2023, Sang-ho Yeon (Train to Busan) -- Netflix
Almost got back to it, but fell off the wagon again. Actually watching movies, I mean. Instead of not being That Guy, I wonder if I can embrace the New Crap and redirect my energies into writing earnestly about what I end up doing instead?Anywayz, I did end up watching yet another middling treatise on AI and fancy robotics AI, this time from South Korea. I had originally assumed it would take the typically American path, in that a movie about a combat AI based on a legendary soldier would be all about the combat. Interestingly enough, and boring AF to a lot of the public reviewers, it was more about the utilization of AI, and incipient rights. In this world's future, the environment has gone awry (as expected) and the waters risen, flooding most of the cities. Instead of fixing things locally, most people escape to orbiting rings, some of which almost immediately try to secede from their Earth bound leaders. The goals of the two factions are a bit washed over, pun intended, but there is a war, using hyper capable soldiers and robots... so many robots.
The movie picks up as an Earth based AI company attempts to perfect the combat soldier via a AI driven simulation of the last battle fought by super soldier Yun Jung-yi. This simulation, is trying to push past whatever caused her to fail to win the battle, and will apply that success to The Best Combat AI Ever. The program is led by her adult daughter, under the auspices of an exuberant and annoying Director. Its been a long time since that battle took her mom from her, and this affords her opportunity to feel like there is still a connection.
Interestingly enough, the movie never actually has any true battles between the factions. Its entirely set in the facility where they experiment on Jung_E. You see, in this world, AI is not so much as fabricated from scratch, but cloned from dead people. When someone dies, they have a number of choices - be digitally cloned and housed in a robot shell with full human rights, or down the spectrum to digital copy with no rights, and they can do with your mind as they see fit, BUT their loved ones get a stipend -- basically sell your relatives to the corporation. Jung_E's family did that, because being a super mercenary paid well but all the money went to fighting her daughter's illness. Said daughter obviously recovered, and is now stuck in a terrible dilemma, forced to watch her mother's likeness tortured day in and day out.

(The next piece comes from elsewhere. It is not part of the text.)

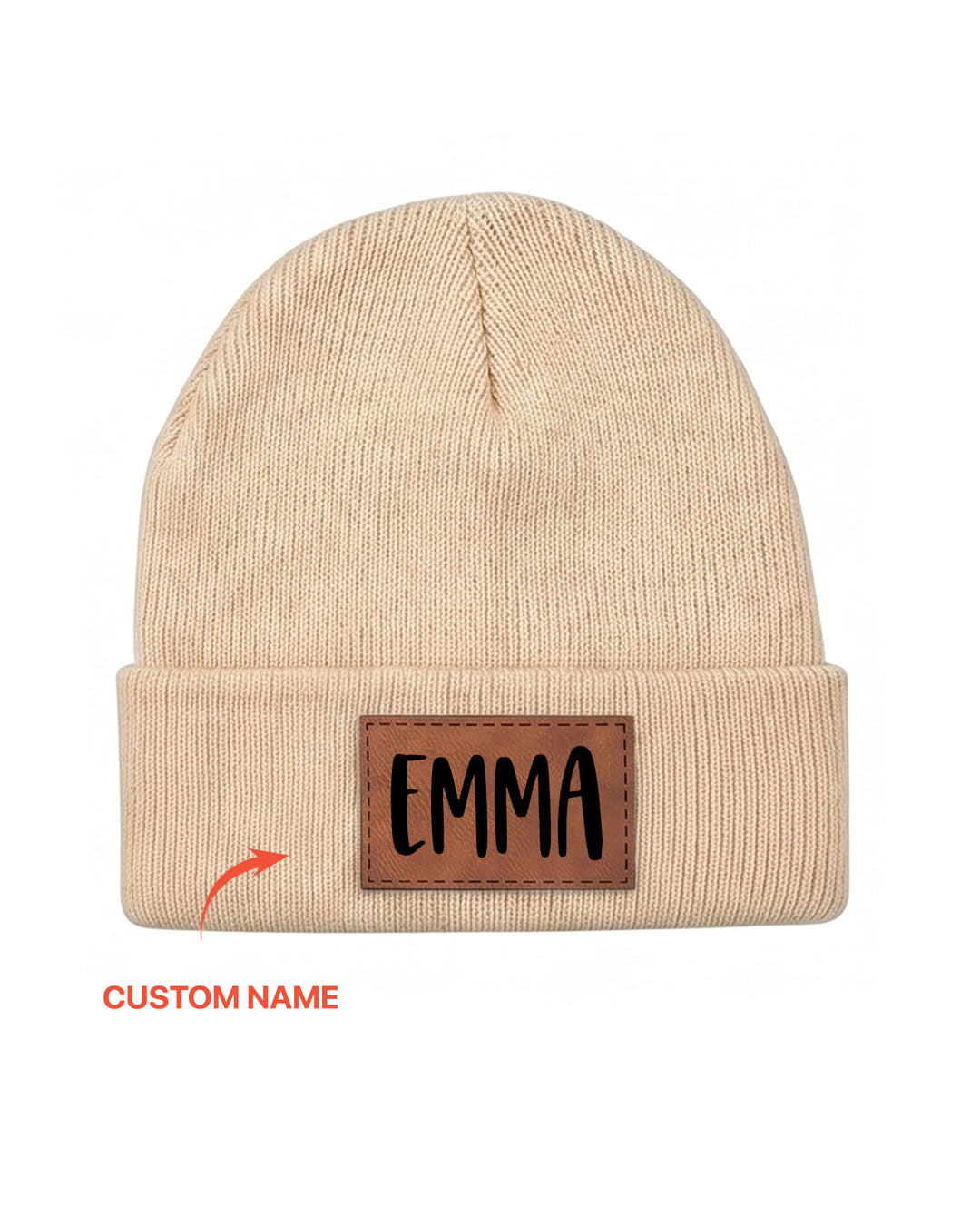 Custom Name Leather Patch Beanie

So, while the movie was not as much about the war as an American copy would have been, there is not much weight behind the emotional impact or philosophical impacts it wants to make. Like many Korean movies, families torn apart by terrible circumstances are depicted through long crying jags and terrible choices. There are some interesting ideas presented but they are more supplanted by emotional reactions that get a bit tiresome. And the whole exploitation of digitally cloned humans is barely touched upon, and really only culminates in a sex bot joke.
That said, the action scenes are spectacular. The robot designs, the factory layout (all those impractical angles and jagged metal bits jutting out everywhere) and the water logged PA world is wonderfully depicted. But the competing choices of Robot Philosophy vs Pew Pew Pew was a loss.
The world building sounds much more involved than the trailers led me to believe. I'll stick this on the list for a Sunday afternoon watch.